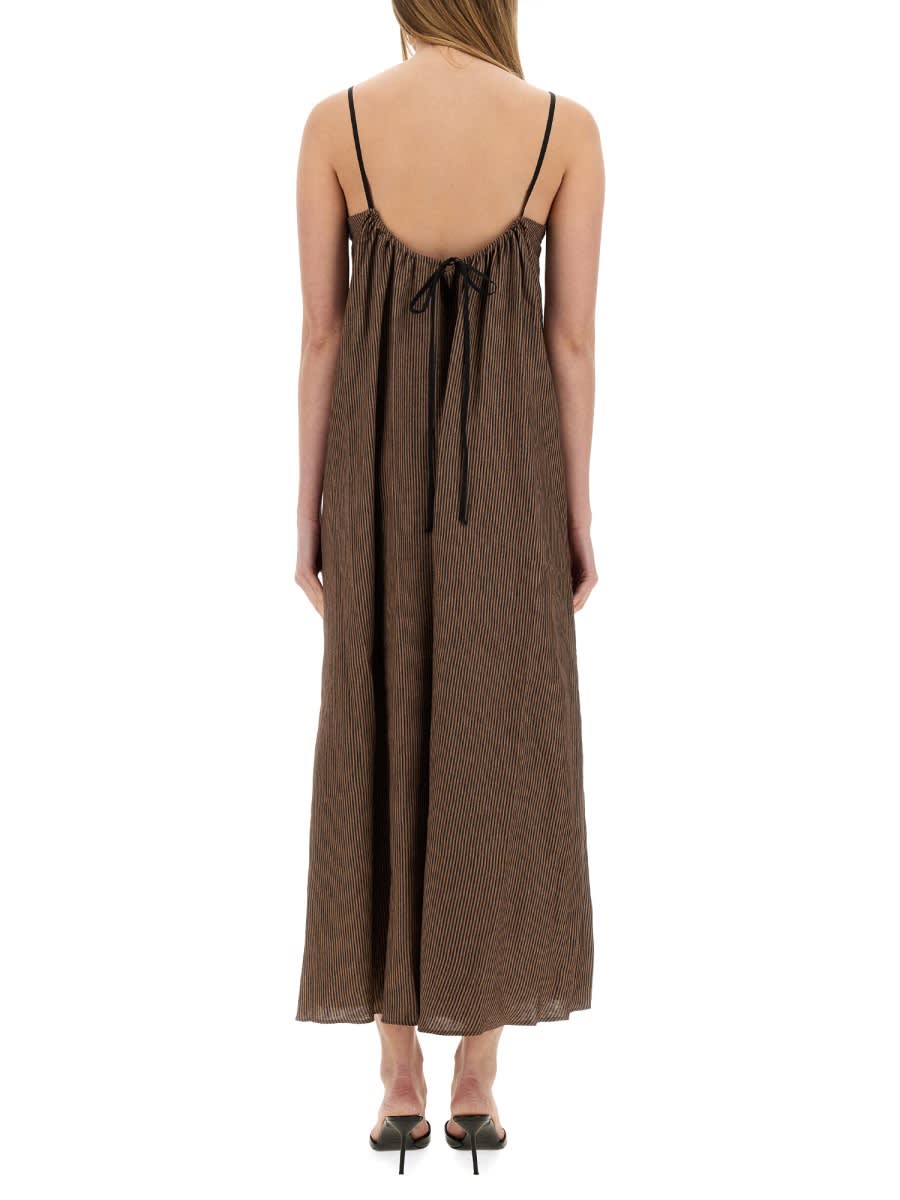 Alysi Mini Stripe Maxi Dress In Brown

==

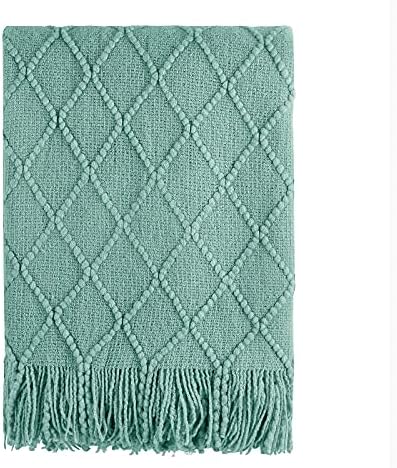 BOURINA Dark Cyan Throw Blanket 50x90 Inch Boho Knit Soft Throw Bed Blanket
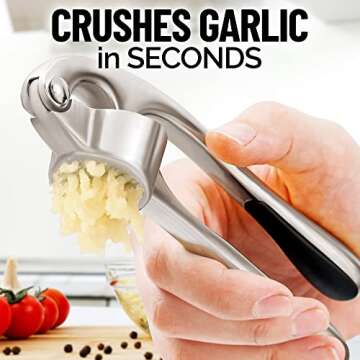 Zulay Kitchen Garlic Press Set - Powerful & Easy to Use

* [Your objective]
Give again the stretch of lines above from the one with "BOURINA Dark Cyan" through the one with "Zulay Kitchen Garlic", both ends kept, and copy no pictures.

* [Task result]
 BOURINA Dark Cyan Throw Blanket 50x90 Inch Boho Knit Soft Throw Bed Blanket
 Zulay Kitchen Garlic Press Set - Powerful & Easy to Use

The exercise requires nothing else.